» **Data extract**
________

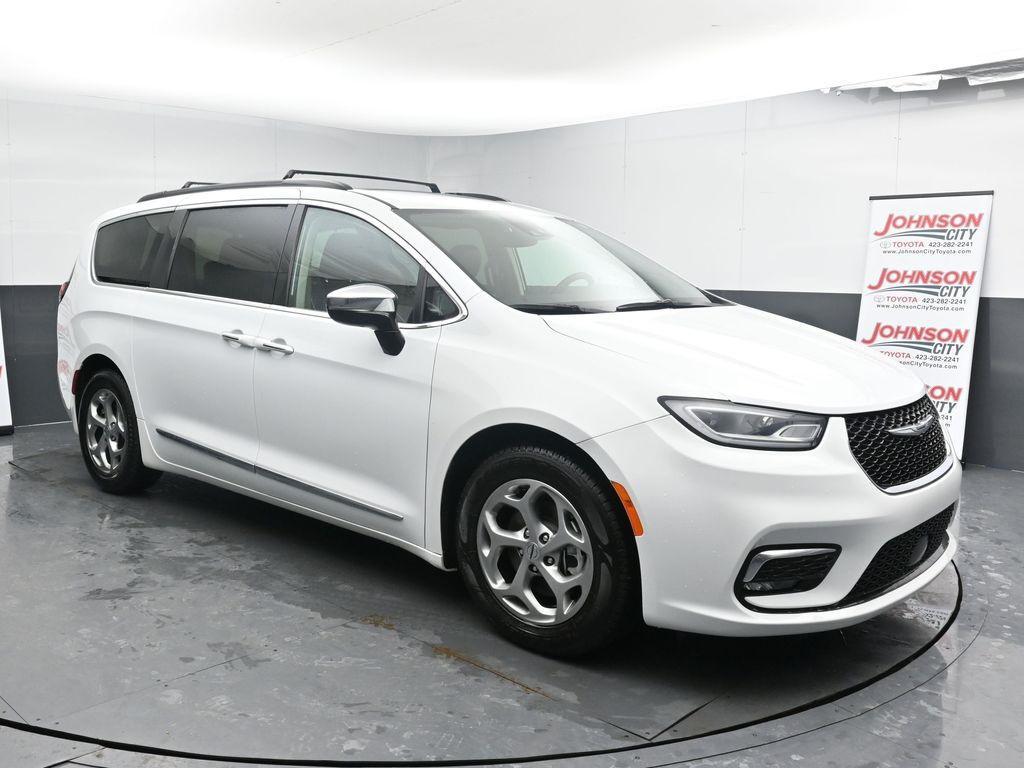 used 2023 Chrysler Pacifica car, priced at $23,058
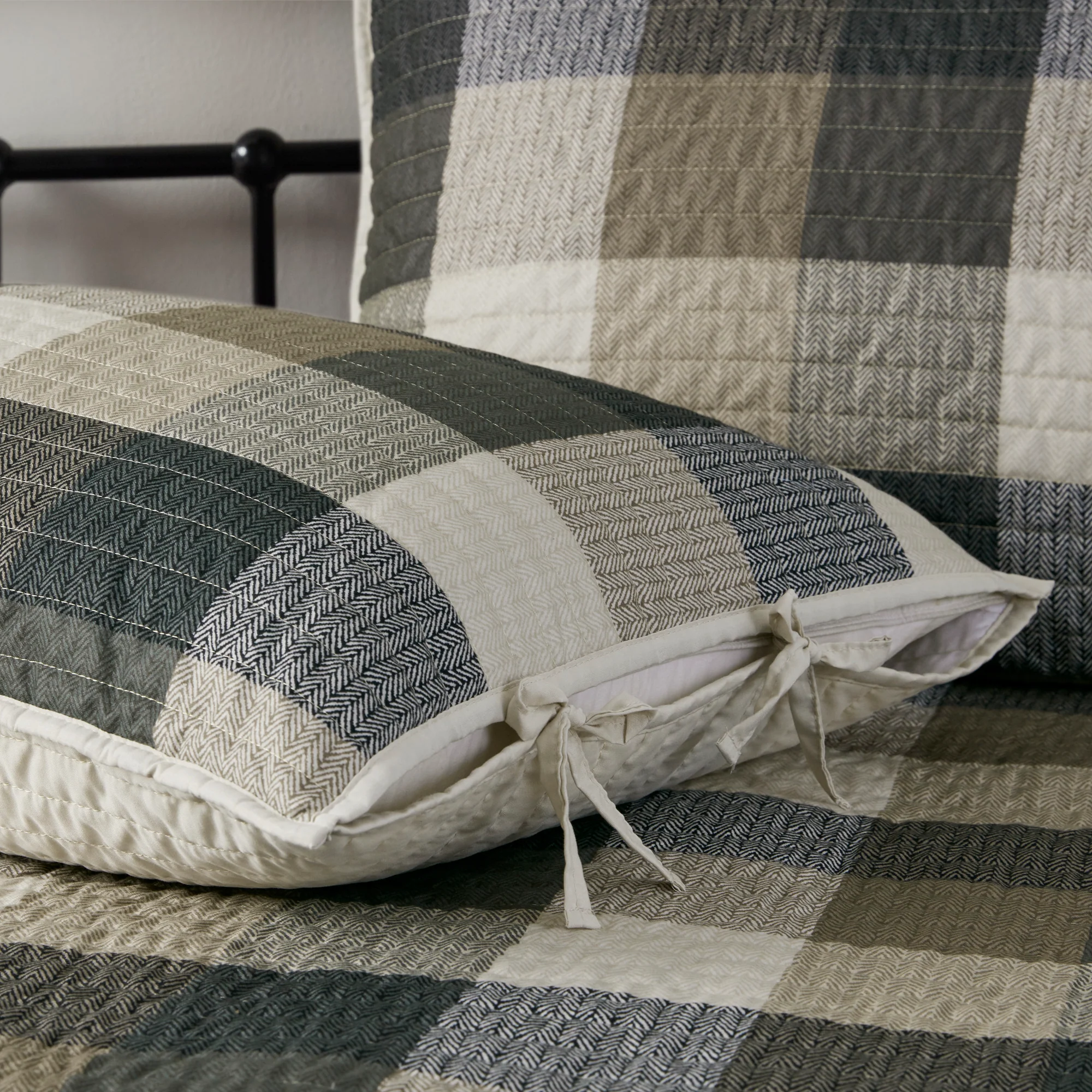 Ridge 6-Piece Reversible Plaid Daybed Cover Set - Image 42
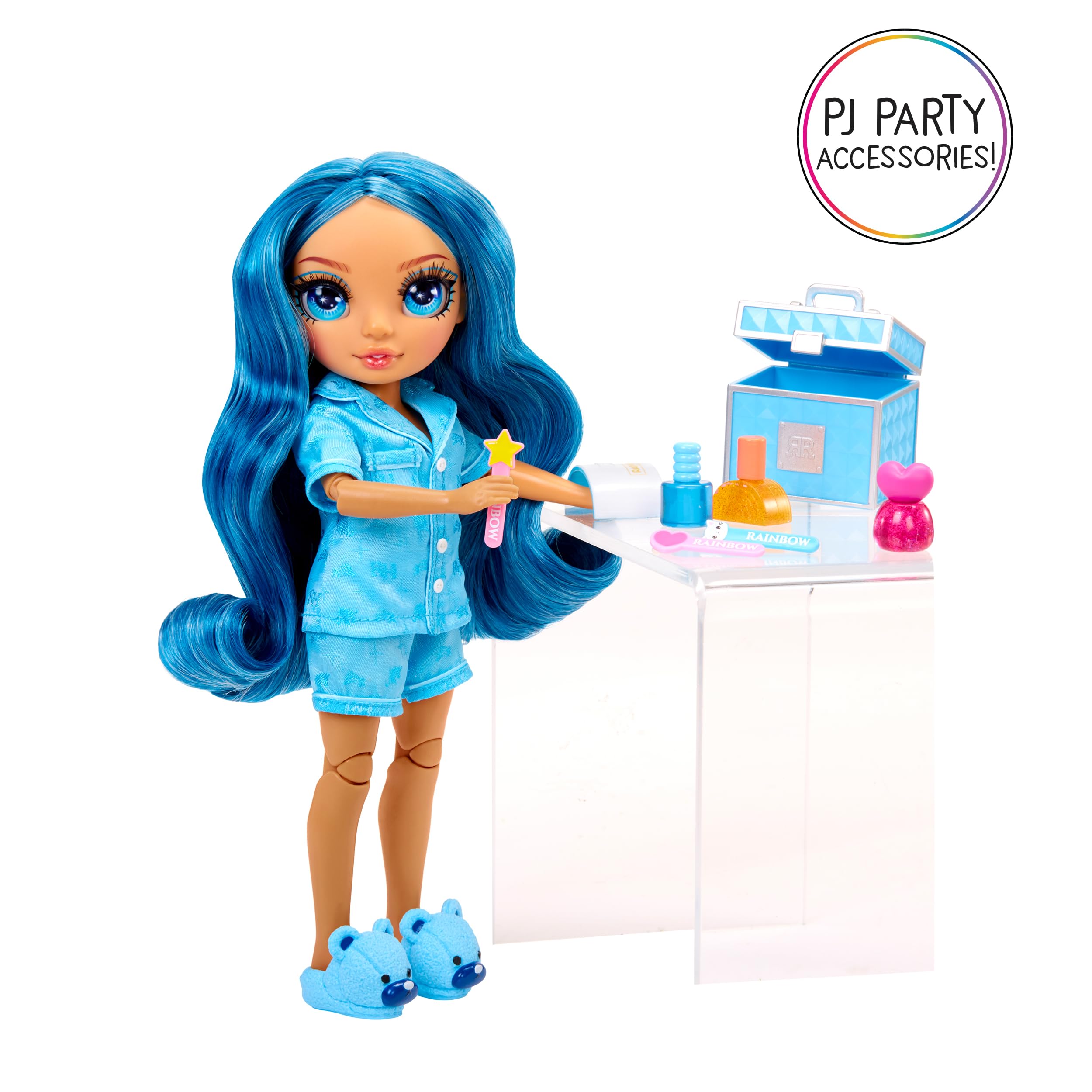 Includes trunk, two nail files, three polishes, UV light, and a comb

________

» **Work to be completed**
Pictures aside, repeat every line of the data above exactly.

» **Worked solution**
 used 2023 Chrysler Pacifica car, priced at $23,058
 Ridge 6-Piece Reversible Plaid Daybed Cover Set - Image 42
 Includes trunk, two nail files, three polishes, UV light, and a comb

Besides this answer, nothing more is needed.